Rural residents who live far from cities are slightly less likely to commute to work alone than their metropolitan counterparts, a new study from the University of Minnesota Rural Health Research Center says.
The study found that while 80% of metropolitan residents commuted solo to work, only 76% of residents who lived far from a metro or small city did.
Because they live farther from cities, we might think rural residents have a longer commute time. But metropolitan residents actually are more likely than nonmetro residents to have long commutes. More than a third of metropolitan workers drive a half hour or more to work, while less than a quarter of residents in remoter rural nonmetropolitan counties drive that far to get to work.
Commuting patterns in so-called “micropolitan” counties were unique (micropolitan counties are those outside metro areas that have cities of 10,000 to less than 50,000 residents, generally speaking). While their commuting rates were similar to metropolitan areas, they tended to have a smaller part of the population engaging in long commutes.
The findings imply that public health officials who want to address Americans’ sedentary lifestyle should consider locality when they create programs to reduce commuting to relieve traffic congestion and pollution and improve health.
For example, walking or biking to work (called “active” forms of commuting) simply isn’t an option for people who live too far from their workplace. Infrastructure like sidewalks and bike lanes also can play a part in whether active commuting is feasible. Public transit is rarely an option, as well.
The paper doesn’t explore the possible causes of the variation in commuting patterns between urban and rural. We think the very definition of “metropolitan area” might have something to do with it.
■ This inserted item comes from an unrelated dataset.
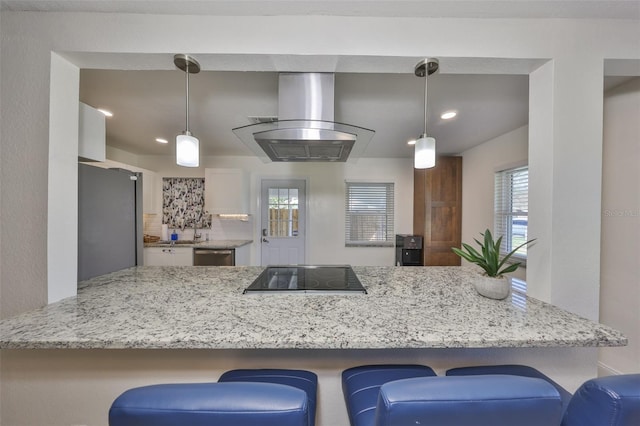 kitchen with island range hood, stainless steel appliances, backsplash, light stone countertops, and pendant lighting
One of the criteria used to determine whether a county is in an MSA or not is the percentage of people who commute to the core urban area to work from an outlying county. When the percentage of workers who commute to a core county rises above 25 percent, the county becomes part of the metropolitan area. When that happens, all those long suburban commutes into a central city become part of the metropolitan area’s commuting data, leaving the remaining nonmetro counties with fewer commuters.
Conversely, commuting times might be lower in micropolitan areas because traffic is lighter and urban sprawl has not yet pushed workers to the fringes.